Mettre en musique l’ordinaire de la messe dans le monde déchristianisé qu’est le nôtre peut étonner, d’autant plus quand c’est le fait d’un jeune compositeur. En effet, entre 2008 et 2011 Valentin Villard, né en 1985 de parents valdo-fribourgeois et mieux connu aujourd’hui pour avoir été l’un des trois compositeurs de la dernière Fête des Vignerons, écrit une Messe à six voix pour chœur a cappella et un sextuor de solistes. Il n’y a pourtant pas lieu de s’étonner, quand on sait que Villard fut au début des années 2000 organiste auxiliaire de la paroisse catholique de Morges, qu’il en a dirigé le chœur paroissial pendant six ans et qu’il est toujours actif en tant qu’organiste et chef de chœur, mais dans des paroisses du canton de Fribourg. Le répertoire liturgique lui est donc familier.

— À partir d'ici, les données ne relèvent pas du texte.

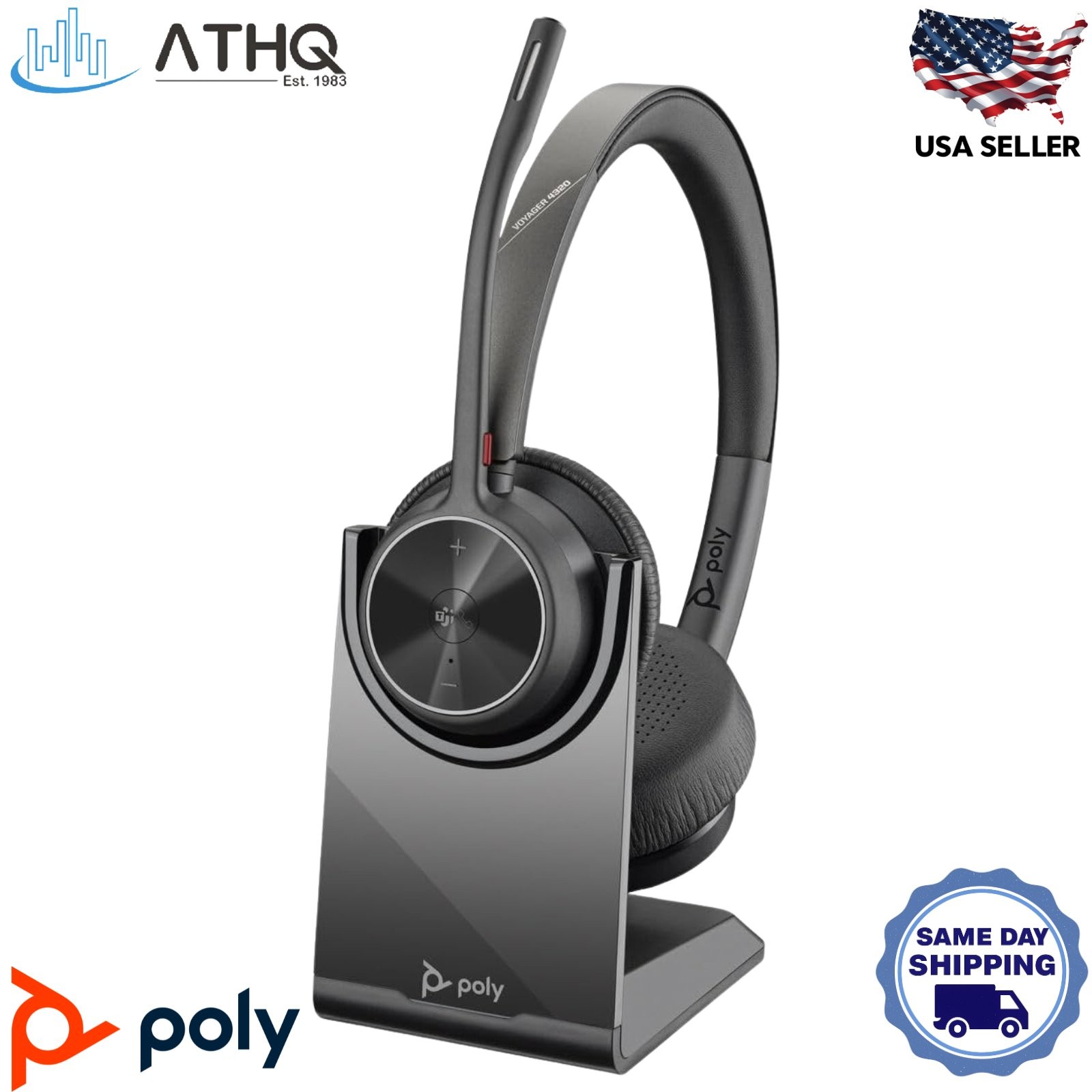 Poly Voyager 4320-M Microsoft Teams USB-A Wireless Headset BT700 w/Stand 77Z00AA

Créée en 2014 par les Vocalistes Romands sous la direction de Renaud Bouvier, cette Messe bénéficie d’un enregistrement tout récent réalisé par l’Académie vocale de Suisse romande dirigée par le même chef. Disons-le d’emblée, c’est une réussite à tous points de vue: composition, interprétation, prise de son.

Le langage de l’œuvre est tonal, mais le compositeur s’autorise des passages où il brouille la tonalité, pour mieux y revenir; des dissonances parsèment certes la partition, mais n’apparaissent pas de manière arbitraire et n’agressent pas l’oreille. Etant lui-même chanteur, Villard a soin de développer de belles phrases vocales, de ne pas martyriser les voix avec, par exemple, de grands sauts d’intervalles. Les différentes parties du texte de la messe sont mises en valeur par un traitement musical respectueux du sens. Une petite réserve cependant: le compositeur, qui dit travailler par plans sonores, aime les longues tenues d’accord étales et en abuse un peu dans le Credo ou l’Agnus Dei, d’où un manque de relief sonore, impression accentuée par des tempi peu contrastés. Mais c’est là péché véniel (de jeunesse certainement!) pour une œuvre qui touche par sa sincérité, sa ferveur et qui mérite d’entrer pleinement dans le répertoire de la musique sacrée de notre temps.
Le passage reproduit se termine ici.